I didn’t work in a factory at the age of 18. I worked construction. Ten hours a day, five days a week, and it ruined my baseball career. Well, that and the fact that I couldn’t run, hit or throw all that well to begin with, I suppose. But it wore me out to the point that, even with a bit of help from modern chemistry (if you know what I mean), I was bone tired before the first pitch of every game I played my senior season. I worked with men who did that work their whole adult lives, to make sure their families were provided for… not just to make money for a couple of months before heading off to college. I did the job just long enough to learn, as if I didn’t already know, that I didn’t want to do that kind of work for the rest of my life.

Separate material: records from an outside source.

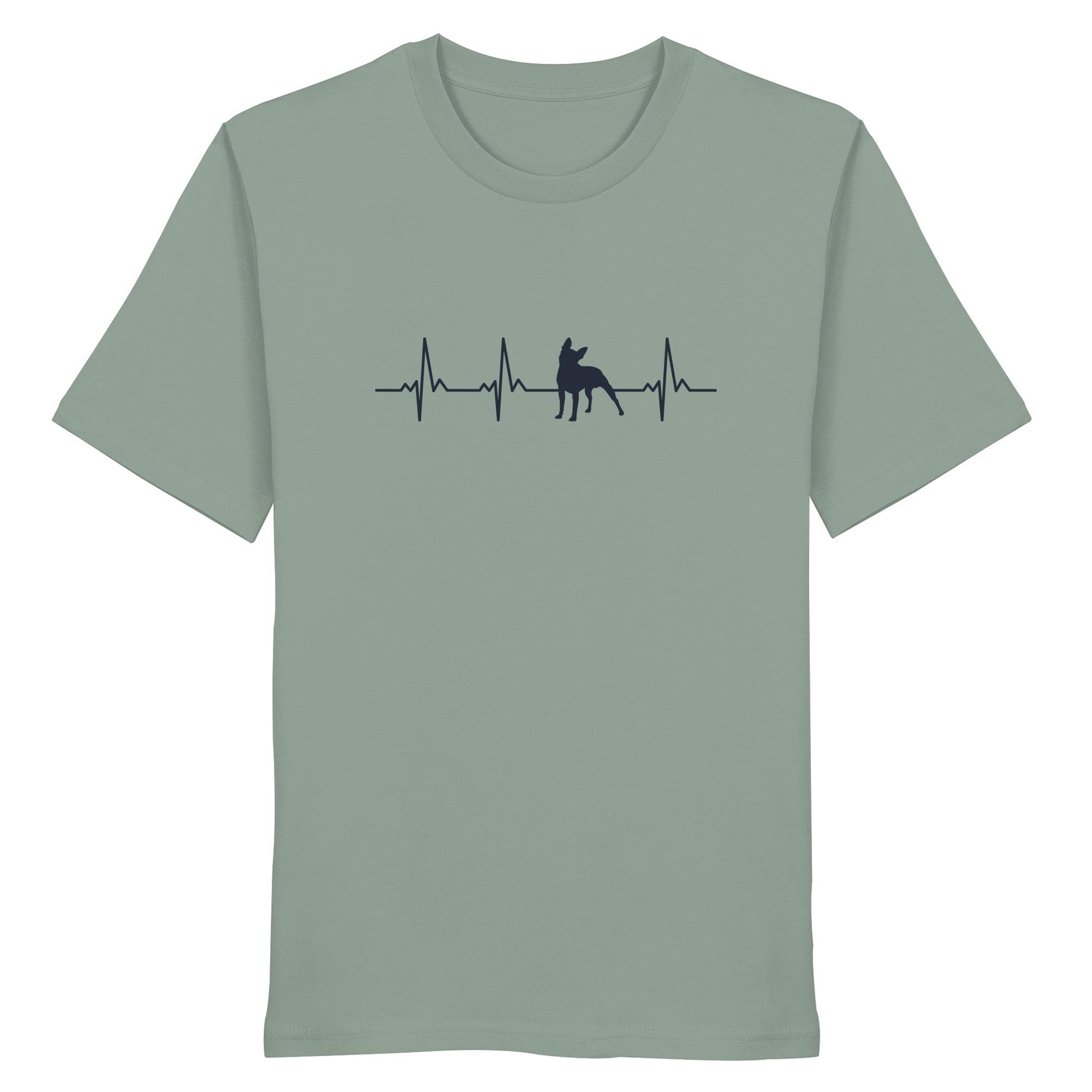 Herzschlag Boston Terrier - Organic Shirt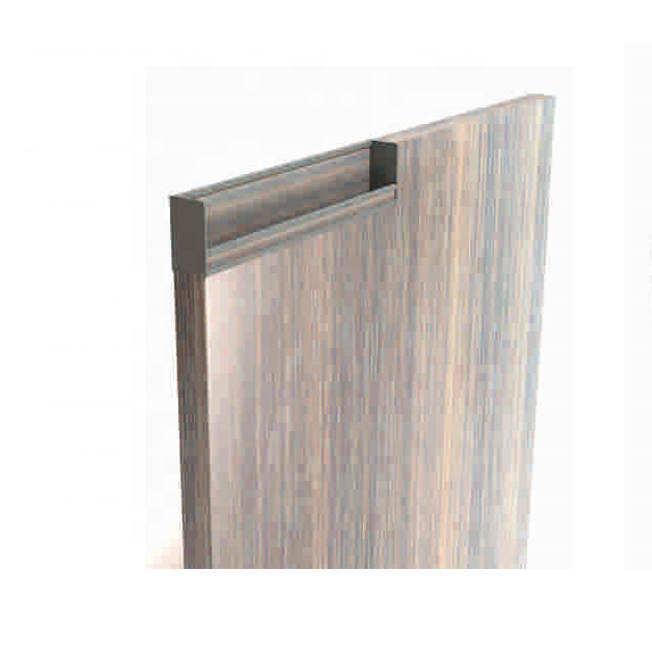 Aluminum Alloy Hidden Handle Half Concave Embedded Cabinet Handle for Kitchen Wardrobe Door on Drawer Usage
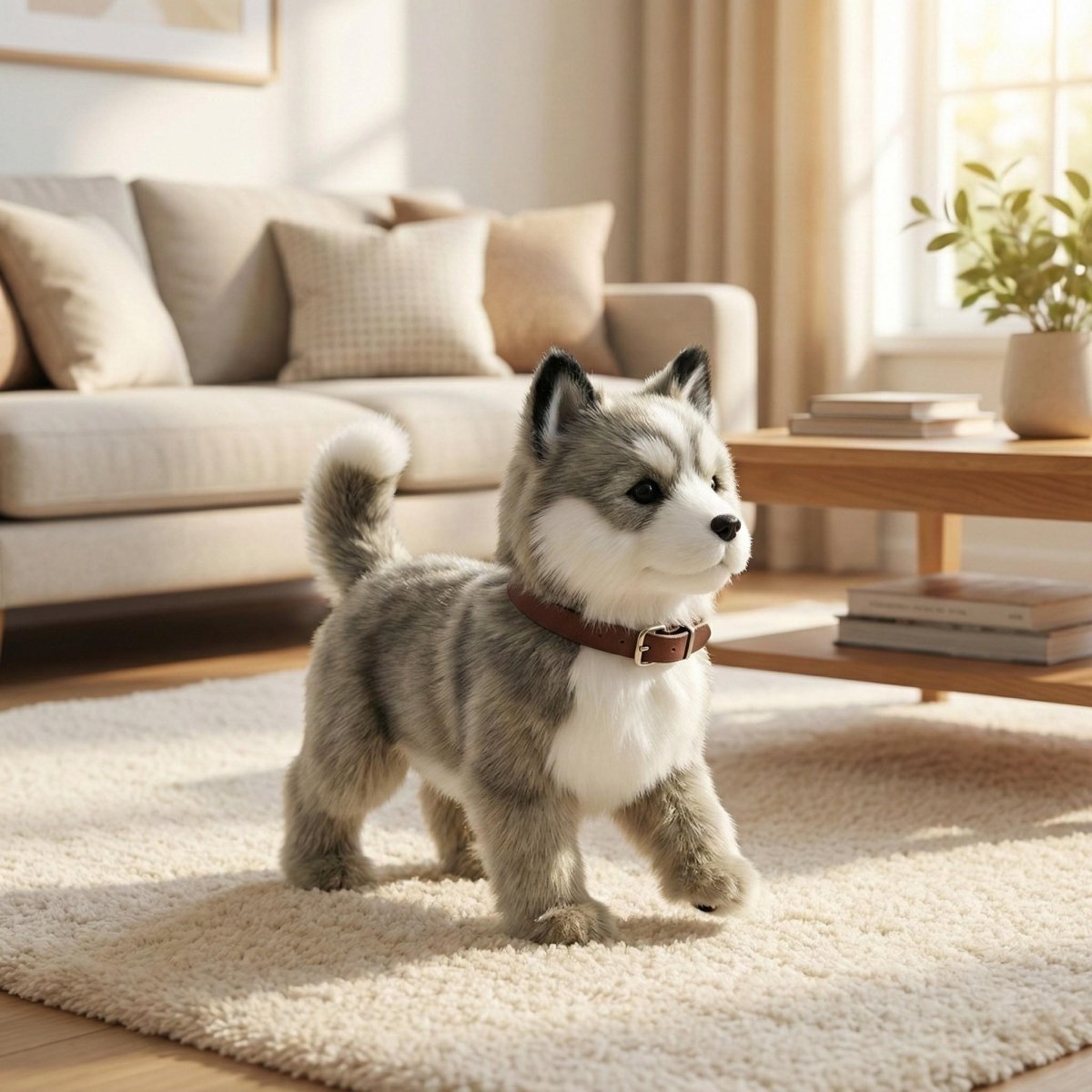 Interactive Plush Robot Dog with Realistic Movements and Sounds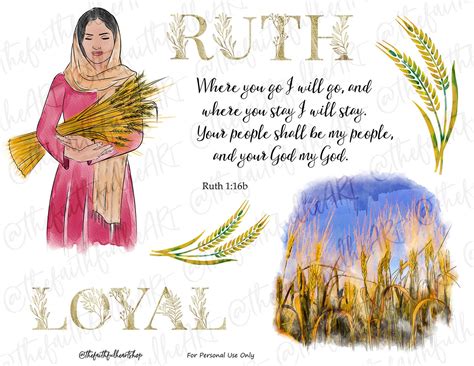 Women of the Bible: Ruth. Bible Journaling/faith Planner - Etsy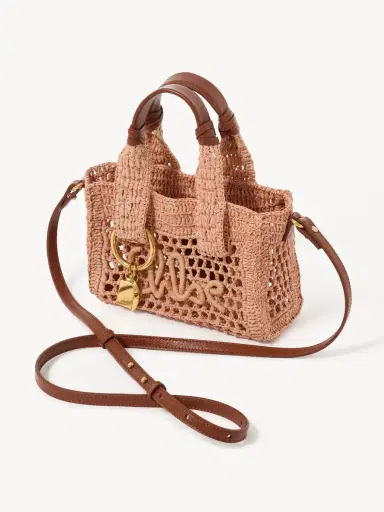 Chloé Mini Summer Banana east-west tote bag in raffia | Thumbnail 3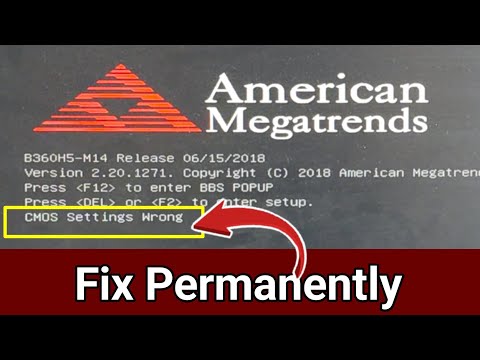 [FIXED] CMOS Setting Wrong Starting Problem in acer PC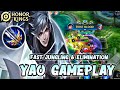 YAO GAMEPLAY FAST JUNGLING & ELIMINATION ENEMY - TECHNIQUE YAO SOLO RANKED | HONOR OF KINGS (HOK)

I honestly don’t remember what my dreams were back then. Those were the days of Watergate and Woodward & Bernstein. I had edited my HS newspaper and had been working part-time as a sportswriter and photographer for the local daily newspaper during my senior year of HS. I was going to be a journalism major at the University of Arkansas. So maybe my dream was to be the next great investigative reporter or sports writer. If so, obviously those dreams have been numbed away long ago.

Then again, perhaps contributing to this blog has allowed me to realize, in a small way, those dreams. In any event, I’ve enjoyed this opportunity during the past season and I want to thank CapitalBabs and KL for allowing me to share this outlet for whatever odd thoughts or opinions might cross my mind from time to time… as well as thank those who have stopped by to read those ramblings.

With that, I now return you to your regularly scheduled Twins chatter. So… What do you think Dan Uggla would look like in a Twins uniform and what could/should the Twins offer for the Marlins’ second baseman? [EDIT – Well thanks to the Braves, that has to be the quickest any question I’ve ever posed has become irrelevent!]

– JC

3 Replies to “Middle Age and Insomnia Induced Ramblings”

  1. You are both very kind and I appreciate the support from a couple of bloggers I respect a great deal. Thank you.